== INSTRUCTIONS TO FOLLOW ==
Return only these lines: the one that contains "Des années 50" and every line after it through the end of the listing, exactly, without pictures.

== SOURCE MATERIAL ==
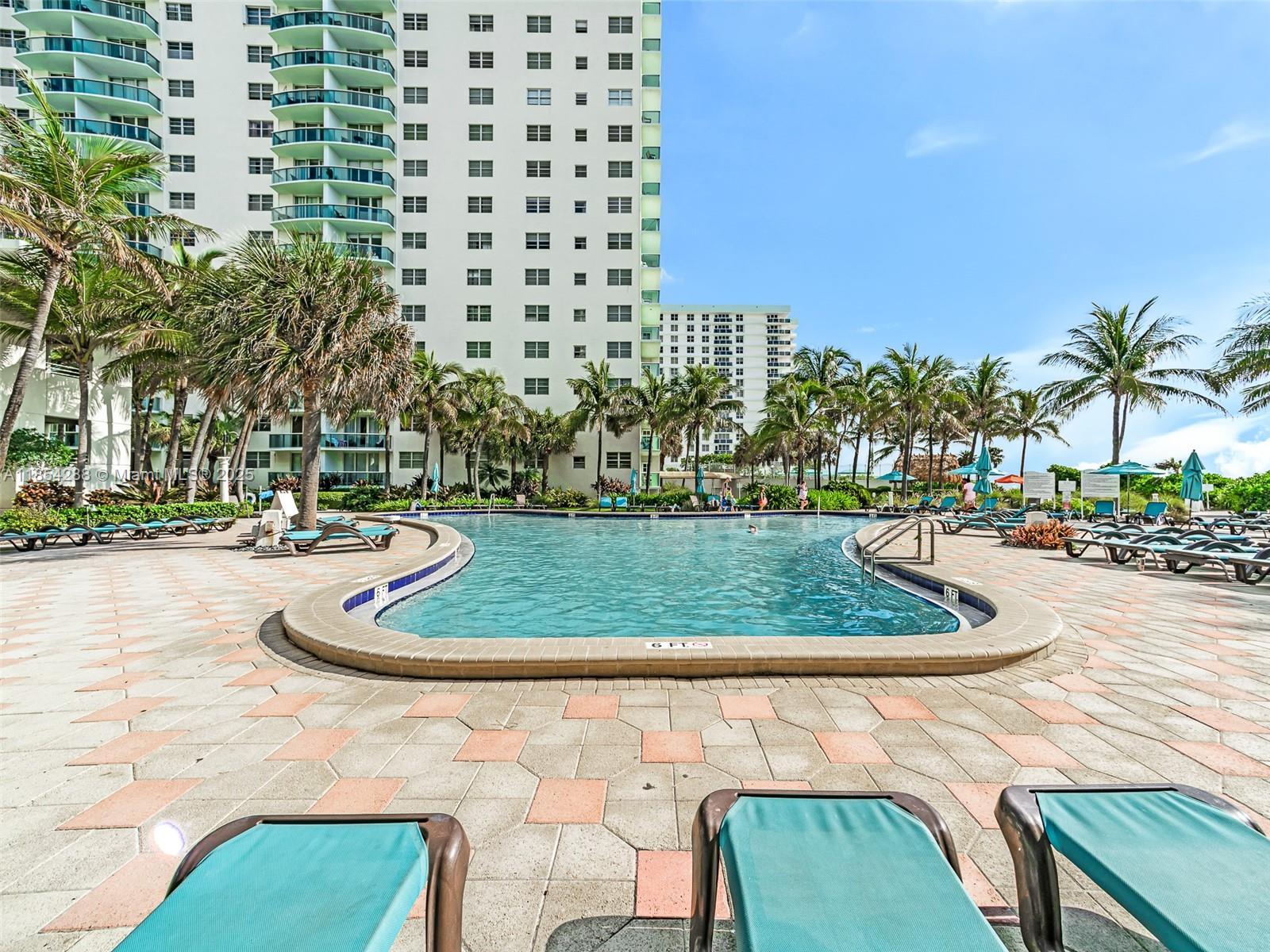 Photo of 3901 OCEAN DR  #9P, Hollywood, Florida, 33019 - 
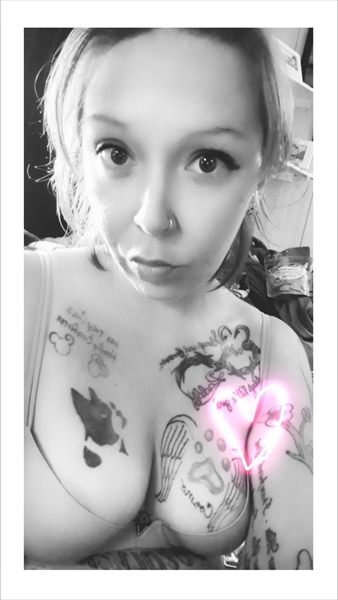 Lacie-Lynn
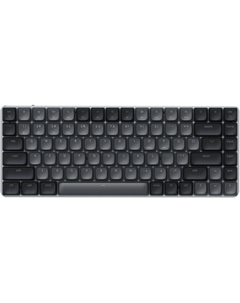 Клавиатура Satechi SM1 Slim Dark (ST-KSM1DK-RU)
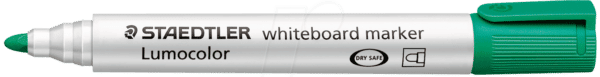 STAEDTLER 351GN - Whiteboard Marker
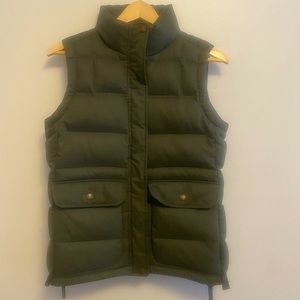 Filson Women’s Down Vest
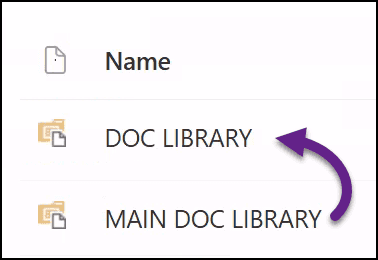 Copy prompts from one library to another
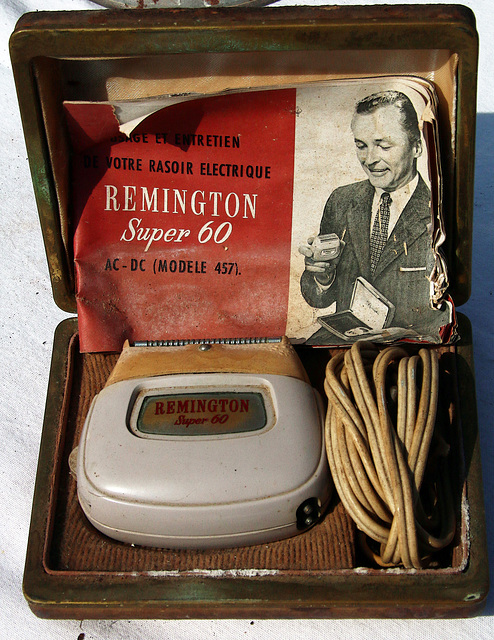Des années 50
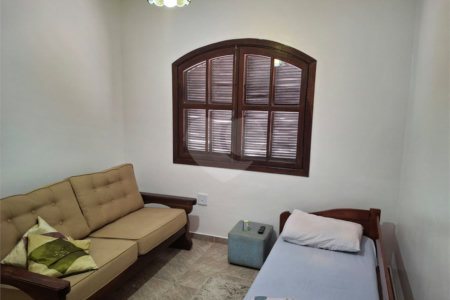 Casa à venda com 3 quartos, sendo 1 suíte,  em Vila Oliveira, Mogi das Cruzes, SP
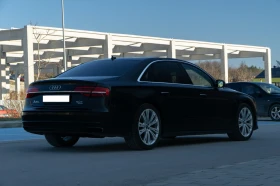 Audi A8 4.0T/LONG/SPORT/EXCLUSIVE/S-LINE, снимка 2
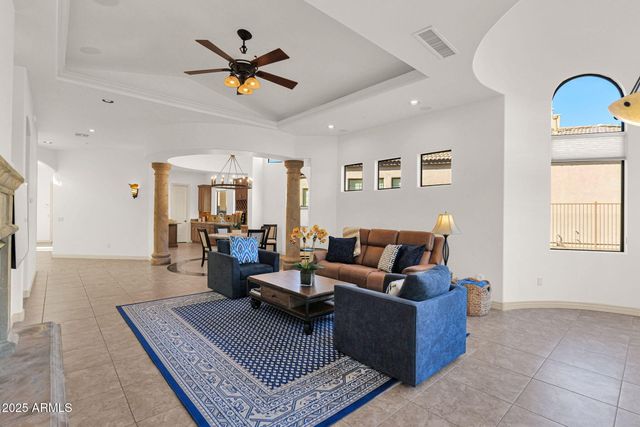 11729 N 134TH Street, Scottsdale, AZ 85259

== EXERCISE SOLUTION ==
Des années 50
 Casa à venda com 3 quartos, sendo 1 suíte,  em Vila Oliveira, Mogi das Cruzes, SP
 Audi A8 4.0T/LONG/SPORT/EXCLUSIVE/S-LINE, снимка 2
 11729 N 134TH Street, Scottsdale, AZ 85259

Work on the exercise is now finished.